- Owner: Baden-Powell Scouts' Association
- Age range: 18+
- Country: United Kingdom
| Previous Senior Scouts |  |

= Rover Scouts (Baden-Powell Scouts' Association) =

Section for adults 18+

Rover Scouts or Rovers is the final section of the Baden-Powell Scouts' Association for adults aged 18 and over. There is no upper age limit for Rover Scouts and all genders are admitted. The aim of the section is "to facilitate the growth of young adults". Rover Scouts are guided to train themselves, in body, mind and spirit, to become responsible members of their community.

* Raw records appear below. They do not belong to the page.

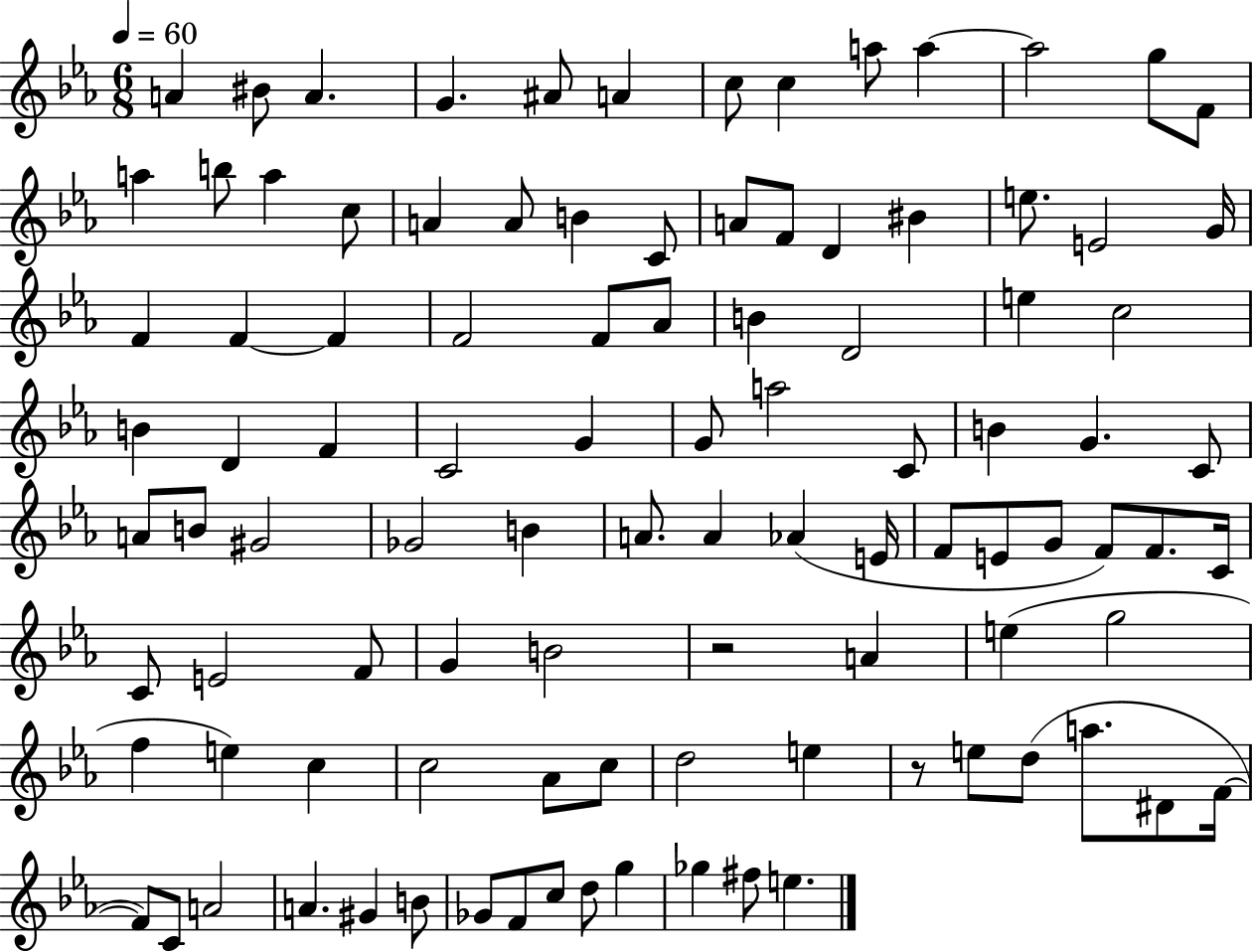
A4/q BIS4/e A4/q. G4/q. A#4/e A4/q C5/e C5/q A5/e A5/q A5/h G5/e F4/e A5/q B5/e A5/q C5/e A4/q A4/e B4/q C4/e A4/e F4/e D4/q BIS4/q E5/e. E4/h G4/s F4/q F4/q F4/q F4/h F4/e Ab4/e B4/q D4/h E5/q C5/h B4/q D4/q F4/q C4/h G4/q G4/e A5/h C4/e B4/q G4/q. C4/e A4/e B4/e G#4/h Gb4/h B4/q A4/e. A4/q Ab4/q E4/s F4/e E4/e G4/e F4/e F4/e. C4/s C4/e E4/h F4/e G4/q B4/h R/h A4/q E5/q G5/h F5/q E5/q C5/q C5/h Ab4/e C5/e D5/h E5/q R/e E5/e D5/e A5/e. D#4/e F4/s F4/e C4/e A4/h A4/q. G#4/q B4/e Gb4/e F4/e C5/e D5/e G5/q Gb5/q F#5/e E5/q.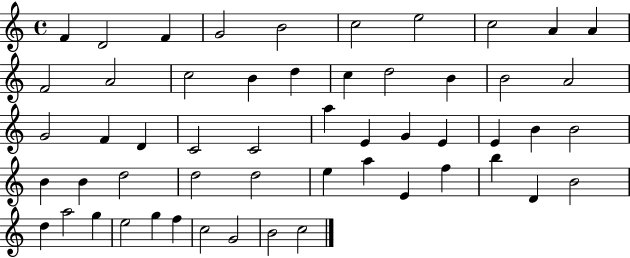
F4/q D4/h F4/q G4/h B4/h C5/h E5/h C5/h A4/q A4/q F4/h A4/h C5/h B4/q D5/q C5/q D5/h B4/q B4/h A4/h G4/h F4/q D4/q C4/h C4/h A5/q E4/q G4/q E4/q E4/q B4/q B4/h B4/q B4/q D5/h D5/h D5/h E5/q A5/q E4/q F5/q B5/q D4/q B4/h D5/q A5/h G5/q E5/h G5/q F5/q C5/h G4/h B4/h C5/h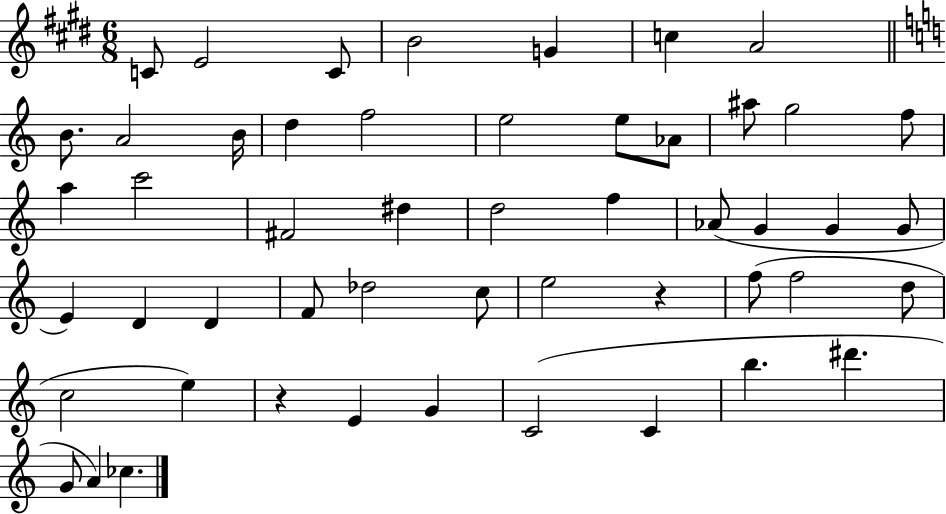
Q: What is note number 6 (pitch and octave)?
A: C5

The Rover Scout section follows on from the Senior Scout section.

==History==

The section was started in 1918, following the successful growth of the Scout Movement, and was intended to provide a Scouting programme for young men who had grown up beyond the age range of the core Scout section. It was quickly adopted by the national Scouting organisations around the world.

==Programme==
Before being invested as a Rover Scout, a period of time is spent as a Rover Squire. This allows the Rover to consider what they intend to achieve as a Rover Scout and how they intend to accomplish these goals.

===Promise===
The Rover Scout section uses the same Promise as other Scout sections of the Baden-Powell Scouts' Association.

===Motto===
The Rover motto, reflecting the purpose of the section, is "Service".

===Uniform===
The Rover Scout uniform is the same as other Scout Sections, although a green beret and shoulder tabs are worn.

==Awards==
The Rover Scout awards include the Scoutcraft Star (awarded for proving Scouting knowledge), Service Training Star (awarded for providing a service to the local community), Rambler's Badge (awarded for undertaking an expedition), Project Badge (awarded for completing a project of the Rover Scout's design) and the Rover Instructor Badge (awarded for reaching a high level of Instruction in a particular field within the Rover's Scout Group).

The top award in the section is the Baden-Powell Award.

Rover Scouts are also encouraged to continue working towards their Duke of Edinburgh's Award until they are 25 years old, with much of the Rover Scout training and service meeting the requirements of this Award.